**EXERCISE MATERIALS:**
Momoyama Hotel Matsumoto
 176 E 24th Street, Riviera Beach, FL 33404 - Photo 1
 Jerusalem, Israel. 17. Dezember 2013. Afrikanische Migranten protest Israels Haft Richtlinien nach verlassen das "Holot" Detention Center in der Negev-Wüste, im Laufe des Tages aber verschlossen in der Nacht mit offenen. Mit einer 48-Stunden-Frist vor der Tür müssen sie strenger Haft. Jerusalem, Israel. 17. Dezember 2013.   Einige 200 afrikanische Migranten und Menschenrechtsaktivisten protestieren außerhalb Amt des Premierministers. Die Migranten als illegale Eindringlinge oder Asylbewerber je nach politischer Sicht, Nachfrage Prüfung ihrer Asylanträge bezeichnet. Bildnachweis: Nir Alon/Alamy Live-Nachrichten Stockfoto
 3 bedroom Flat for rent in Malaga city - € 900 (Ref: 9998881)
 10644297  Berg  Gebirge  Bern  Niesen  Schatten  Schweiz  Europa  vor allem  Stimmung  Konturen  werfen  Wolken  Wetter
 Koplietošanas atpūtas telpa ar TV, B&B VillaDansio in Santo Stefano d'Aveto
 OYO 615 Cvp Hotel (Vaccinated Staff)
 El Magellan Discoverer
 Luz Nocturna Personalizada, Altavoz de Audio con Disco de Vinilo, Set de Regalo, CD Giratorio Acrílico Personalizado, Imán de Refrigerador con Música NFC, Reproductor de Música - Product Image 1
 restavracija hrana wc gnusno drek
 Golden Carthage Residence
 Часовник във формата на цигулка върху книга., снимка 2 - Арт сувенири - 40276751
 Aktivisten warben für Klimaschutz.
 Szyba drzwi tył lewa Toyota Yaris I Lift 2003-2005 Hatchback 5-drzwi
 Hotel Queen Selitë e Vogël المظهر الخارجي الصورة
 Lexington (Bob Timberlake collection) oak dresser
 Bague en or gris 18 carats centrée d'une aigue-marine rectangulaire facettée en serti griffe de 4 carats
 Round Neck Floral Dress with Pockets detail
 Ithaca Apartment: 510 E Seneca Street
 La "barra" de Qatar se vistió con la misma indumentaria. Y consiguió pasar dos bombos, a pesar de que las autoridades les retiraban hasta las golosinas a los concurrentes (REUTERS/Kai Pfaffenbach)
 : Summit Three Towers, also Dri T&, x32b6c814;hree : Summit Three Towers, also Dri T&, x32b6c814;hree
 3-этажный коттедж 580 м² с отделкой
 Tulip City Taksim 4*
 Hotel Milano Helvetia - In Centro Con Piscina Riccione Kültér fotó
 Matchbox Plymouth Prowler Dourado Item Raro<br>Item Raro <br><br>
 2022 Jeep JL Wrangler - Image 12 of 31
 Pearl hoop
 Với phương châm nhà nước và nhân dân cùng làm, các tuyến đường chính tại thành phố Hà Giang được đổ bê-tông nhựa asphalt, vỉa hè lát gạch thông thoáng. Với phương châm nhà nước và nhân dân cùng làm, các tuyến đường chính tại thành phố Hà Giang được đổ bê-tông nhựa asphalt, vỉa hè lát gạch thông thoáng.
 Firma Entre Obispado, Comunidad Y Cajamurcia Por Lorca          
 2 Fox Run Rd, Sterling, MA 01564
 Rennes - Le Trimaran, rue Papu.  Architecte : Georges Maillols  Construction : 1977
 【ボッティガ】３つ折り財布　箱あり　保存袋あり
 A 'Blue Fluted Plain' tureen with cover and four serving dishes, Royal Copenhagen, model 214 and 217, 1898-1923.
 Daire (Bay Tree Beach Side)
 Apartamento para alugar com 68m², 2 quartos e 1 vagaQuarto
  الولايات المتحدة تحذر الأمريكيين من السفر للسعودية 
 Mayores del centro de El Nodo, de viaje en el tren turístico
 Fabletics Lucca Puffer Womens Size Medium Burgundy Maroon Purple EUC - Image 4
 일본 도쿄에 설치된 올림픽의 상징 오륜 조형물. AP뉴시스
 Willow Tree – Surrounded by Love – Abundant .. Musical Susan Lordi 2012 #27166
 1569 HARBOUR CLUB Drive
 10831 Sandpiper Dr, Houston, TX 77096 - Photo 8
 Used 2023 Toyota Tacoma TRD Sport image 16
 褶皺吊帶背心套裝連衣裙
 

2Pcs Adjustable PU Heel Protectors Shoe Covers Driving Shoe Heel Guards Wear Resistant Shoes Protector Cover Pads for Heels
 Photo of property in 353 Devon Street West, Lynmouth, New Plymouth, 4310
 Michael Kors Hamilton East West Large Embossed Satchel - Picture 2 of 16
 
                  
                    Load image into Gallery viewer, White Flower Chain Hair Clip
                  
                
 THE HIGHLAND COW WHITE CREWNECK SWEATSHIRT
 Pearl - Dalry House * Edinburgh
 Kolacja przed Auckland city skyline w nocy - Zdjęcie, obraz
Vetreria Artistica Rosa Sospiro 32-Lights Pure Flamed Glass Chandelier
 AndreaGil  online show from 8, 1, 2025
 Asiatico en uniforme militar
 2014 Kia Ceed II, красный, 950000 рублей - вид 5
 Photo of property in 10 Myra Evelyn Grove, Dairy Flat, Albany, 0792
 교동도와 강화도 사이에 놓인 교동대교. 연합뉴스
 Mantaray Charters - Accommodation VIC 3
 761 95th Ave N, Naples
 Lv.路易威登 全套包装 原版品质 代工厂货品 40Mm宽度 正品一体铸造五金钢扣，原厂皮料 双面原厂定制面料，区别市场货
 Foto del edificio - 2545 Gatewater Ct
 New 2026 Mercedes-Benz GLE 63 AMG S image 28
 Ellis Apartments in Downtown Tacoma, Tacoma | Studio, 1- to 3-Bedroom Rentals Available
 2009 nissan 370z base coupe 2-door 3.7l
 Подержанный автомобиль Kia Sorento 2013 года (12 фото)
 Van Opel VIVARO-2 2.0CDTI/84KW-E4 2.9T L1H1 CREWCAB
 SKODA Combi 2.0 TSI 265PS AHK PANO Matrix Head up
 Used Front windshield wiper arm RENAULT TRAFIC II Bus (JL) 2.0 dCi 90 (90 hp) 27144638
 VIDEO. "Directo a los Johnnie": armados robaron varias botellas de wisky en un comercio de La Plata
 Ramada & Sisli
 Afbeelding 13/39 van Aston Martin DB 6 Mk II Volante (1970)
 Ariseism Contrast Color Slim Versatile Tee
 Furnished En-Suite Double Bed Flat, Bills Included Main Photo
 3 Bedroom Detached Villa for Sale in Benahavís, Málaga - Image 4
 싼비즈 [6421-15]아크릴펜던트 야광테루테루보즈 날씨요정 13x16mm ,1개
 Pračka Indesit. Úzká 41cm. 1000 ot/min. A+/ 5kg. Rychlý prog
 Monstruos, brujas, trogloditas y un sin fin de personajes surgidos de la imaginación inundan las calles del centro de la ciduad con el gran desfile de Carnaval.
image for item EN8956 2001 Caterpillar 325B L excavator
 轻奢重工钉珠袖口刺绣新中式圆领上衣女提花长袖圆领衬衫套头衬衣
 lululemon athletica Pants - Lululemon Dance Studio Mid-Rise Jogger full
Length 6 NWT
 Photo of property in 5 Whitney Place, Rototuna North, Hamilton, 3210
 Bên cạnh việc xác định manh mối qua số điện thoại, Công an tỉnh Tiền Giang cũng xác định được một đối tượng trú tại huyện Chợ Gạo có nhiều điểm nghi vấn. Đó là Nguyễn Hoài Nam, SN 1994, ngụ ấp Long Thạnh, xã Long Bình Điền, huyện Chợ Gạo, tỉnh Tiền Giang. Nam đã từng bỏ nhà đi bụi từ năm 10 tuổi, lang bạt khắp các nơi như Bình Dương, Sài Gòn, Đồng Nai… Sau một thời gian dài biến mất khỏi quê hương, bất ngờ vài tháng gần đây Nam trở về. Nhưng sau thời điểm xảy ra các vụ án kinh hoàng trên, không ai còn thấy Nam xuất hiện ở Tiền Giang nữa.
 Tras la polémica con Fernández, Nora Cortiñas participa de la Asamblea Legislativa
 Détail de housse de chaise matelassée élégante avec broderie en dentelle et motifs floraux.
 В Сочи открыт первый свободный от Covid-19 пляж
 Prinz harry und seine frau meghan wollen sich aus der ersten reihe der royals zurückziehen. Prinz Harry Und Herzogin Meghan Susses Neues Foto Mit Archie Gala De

**WHAT TO DO:** Return, in full, every line of these entries that holds "Beach".

**ANSWER SPACE:**
 176 E 24th Street, Riviera Beach, FL 33404 - Photo 1
 Daire (Bay Tree Beach Side)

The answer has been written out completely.